■ Task description ■
From the entries that follow, gather each line holding the word "Welcome".

····················

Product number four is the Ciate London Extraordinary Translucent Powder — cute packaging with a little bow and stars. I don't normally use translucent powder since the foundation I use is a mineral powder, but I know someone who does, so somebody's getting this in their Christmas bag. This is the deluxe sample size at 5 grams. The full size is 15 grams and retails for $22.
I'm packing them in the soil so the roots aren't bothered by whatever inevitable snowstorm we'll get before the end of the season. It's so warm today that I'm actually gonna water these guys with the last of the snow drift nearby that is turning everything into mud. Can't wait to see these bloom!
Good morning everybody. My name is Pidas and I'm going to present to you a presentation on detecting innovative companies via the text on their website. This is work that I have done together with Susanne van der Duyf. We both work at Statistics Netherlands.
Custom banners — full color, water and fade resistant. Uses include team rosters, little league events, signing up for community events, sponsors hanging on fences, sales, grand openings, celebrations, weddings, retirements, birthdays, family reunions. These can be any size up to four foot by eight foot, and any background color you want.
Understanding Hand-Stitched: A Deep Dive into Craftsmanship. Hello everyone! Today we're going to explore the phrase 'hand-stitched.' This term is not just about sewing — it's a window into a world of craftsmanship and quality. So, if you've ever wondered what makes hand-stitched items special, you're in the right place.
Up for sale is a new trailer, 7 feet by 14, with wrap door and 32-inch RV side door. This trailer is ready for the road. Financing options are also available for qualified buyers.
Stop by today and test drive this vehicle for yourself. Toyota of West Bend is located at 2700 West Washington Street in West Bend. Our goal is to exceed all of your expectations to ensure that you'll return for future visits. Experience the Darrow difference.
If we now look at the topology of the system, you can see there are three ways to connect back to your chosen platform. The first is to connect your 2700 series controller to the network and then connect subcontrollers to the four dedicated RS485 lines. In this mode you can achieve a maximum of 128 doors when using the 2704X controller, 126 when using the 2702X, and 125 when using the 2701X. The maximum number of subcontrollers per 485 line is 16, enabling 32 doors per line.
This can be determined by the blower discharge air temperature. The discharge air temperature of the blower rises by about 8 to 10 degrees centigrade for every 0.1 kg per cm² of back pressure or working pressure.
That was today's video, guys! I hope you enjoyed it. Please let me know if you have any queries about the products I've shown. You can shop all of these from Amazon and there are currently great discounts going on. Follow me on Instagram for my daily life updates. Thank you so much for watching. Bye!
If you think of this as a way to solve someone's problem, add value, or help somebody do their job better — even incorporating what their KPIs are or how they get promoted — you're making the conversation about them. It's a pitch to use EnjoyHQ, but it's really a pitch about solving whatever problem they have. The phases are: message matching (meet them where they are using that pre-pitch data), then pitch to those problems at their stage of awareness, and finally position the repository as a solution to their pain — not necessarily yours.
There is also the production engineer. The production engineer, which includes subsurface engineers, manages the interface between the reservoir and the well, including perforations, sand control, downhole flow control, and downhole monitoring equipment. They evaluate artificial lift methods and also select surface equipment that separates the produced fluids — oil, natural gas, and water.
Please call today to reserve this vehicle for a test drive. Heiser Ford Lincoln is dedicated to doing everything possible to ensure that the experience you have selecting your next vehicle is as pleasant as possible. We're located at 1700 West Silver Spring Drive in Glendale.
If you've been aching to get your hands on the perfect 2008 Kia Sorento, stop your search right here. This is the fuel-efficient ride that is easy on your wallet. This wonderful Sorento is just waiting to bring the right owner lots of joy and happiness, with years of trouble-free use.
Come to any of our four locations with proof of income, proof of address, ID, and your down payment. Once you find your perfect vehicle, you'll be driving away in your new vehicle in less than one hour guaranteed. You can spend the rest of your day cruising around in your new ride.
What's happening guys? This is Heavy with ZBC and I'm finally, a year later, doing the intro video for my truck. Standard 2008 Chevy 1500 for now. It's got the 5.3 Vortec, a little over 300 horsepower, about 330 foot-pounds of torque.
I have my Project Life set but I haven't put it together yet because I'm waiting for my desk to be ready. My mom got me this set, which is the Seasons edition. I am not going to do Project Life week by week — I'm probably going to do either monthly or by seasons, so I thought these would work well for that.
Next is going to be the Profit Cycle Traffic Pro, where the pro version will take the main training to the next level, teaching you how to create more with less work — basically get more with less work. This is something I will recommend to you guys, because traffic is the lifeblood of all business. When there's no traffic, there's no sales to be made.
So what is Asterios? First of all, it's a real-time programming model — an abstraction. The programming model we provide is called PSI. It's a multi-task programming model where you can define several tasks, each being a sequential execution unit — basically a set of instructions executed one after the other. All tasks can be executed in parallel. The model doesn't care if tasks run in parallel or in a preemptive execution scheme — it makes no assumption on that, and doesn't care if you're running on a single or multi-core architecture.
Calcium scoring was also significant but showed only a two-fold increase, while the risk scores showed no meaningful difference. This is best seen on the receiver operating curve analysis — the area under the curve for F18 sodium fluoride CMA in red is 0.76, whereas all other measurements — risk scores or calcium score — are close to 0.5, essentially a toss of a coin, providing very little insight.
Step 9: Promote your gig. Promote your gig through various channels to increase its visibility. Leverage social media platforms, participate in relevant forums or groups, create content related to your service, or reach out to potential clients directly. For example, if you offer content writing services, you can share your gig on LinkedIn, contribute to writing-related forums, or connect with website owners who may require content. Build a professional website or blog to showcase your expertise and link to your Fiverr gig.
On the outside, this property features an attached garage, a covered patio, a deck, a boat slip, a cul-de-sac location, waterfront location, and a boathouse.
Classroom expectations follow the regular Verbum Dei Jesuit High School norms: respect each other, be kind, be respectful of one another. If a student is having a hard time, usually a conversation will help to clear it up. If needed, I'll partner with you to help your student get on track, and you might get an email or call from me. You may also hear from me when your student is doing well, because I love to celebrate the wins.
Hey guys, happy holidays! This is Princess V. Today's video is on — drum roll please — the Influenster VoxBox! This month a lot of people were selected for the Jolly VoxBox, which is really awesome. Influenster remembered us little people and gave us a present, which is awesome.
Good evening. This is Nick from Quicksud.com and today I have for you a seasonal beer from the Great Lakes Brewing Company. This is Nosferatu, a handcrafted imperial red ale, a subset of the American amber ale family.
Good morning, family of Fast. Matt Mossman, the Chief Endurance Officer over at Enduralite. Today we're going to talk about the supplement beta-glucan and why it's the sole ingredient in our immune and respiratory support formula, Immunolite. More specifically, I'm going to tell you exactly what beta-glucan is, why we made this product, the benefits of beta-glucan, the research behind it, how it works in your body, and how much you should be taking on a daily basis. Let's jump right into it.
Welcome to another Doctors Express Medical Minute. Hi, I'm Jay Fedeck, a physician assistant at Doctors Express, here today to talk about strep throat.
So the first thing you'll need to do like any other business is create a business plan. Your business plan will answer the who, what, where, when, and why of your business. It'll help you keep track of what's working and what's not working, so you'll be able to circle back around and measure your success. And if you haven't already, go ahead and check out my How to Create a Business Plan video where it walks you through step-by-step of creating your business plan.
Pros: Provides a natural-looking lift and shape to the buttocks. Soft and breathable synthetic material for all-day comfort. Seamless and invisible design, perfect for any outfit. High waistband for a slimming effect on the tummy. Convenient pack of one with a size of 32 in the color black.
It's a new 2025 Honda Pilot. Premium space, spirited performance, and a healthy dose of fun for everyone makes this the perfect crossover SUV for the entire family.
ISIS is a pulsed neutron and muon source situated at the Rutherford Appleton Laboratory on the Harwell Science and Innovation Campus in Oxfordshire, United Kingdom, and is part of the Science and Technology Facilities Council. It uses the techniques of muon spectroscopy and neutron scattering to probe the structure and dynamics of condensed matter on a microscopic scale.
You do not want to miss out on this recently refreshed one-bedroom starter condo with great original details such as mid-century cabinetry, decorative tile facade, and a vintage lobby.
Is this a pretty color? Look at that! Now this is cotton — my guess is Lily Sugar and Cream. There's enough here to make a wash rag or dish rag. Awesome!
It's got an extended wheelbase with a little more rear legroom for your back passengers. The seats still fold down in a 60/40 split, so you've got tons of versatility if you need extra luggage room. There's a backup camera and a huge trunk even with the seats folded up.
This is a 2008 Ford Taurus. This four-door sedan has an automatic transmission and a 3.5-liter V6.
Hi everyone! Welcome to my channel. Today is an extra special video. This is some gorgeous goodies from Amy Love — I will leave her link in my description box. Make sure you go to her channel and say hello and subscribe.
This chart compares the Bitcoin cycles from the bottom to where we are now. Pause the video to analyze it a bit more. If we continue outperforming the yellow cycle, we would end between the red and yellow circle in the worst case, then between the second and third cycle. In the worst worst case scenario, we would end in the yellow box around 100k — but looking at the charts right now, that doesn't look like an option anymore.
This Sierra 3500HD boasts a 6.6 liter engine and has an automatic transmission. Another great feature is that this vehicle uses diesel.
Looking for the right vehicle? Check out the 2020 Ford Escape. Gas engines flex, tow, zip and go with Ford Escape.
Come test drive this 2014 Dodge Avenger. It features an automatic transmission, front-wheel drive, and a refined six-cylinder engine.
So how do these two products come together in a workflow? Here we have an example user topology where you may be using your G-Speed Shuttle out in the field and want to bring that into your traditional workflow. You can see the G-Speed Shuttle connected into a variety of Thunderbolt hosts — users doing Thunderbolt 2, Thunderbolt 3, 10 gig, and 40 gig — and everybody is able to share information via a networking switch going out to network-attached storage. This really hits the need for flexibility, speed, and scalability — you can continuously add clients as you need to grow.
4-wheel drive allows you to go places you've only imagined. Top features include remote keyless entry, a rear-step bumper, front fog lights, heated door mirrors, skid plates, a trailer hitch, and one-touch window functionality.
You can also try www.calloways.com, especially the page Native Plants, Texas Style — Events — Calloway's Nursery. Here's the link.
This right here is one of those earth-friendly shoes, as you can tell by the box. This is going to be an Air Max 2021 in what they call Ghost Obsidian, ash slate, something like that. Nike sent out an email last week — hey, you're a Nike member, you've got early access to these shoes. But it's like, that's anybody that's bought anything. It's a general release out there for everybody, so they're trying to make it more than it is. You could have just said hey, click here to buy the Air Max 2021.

····················

■ Written response ■
Welcome to another Doctors Express Medical Minute. Hi, I'm Jay Fedeck, a physician assistant at Doctors Express, here today to talk about strep throat.
Hi everyone! Welcome to my channel. Today is an extra special video. This is some gorgeous goodies from Amy Love — I will leave her link in my description box. Make sure you go to her channel and say hello and subscribe.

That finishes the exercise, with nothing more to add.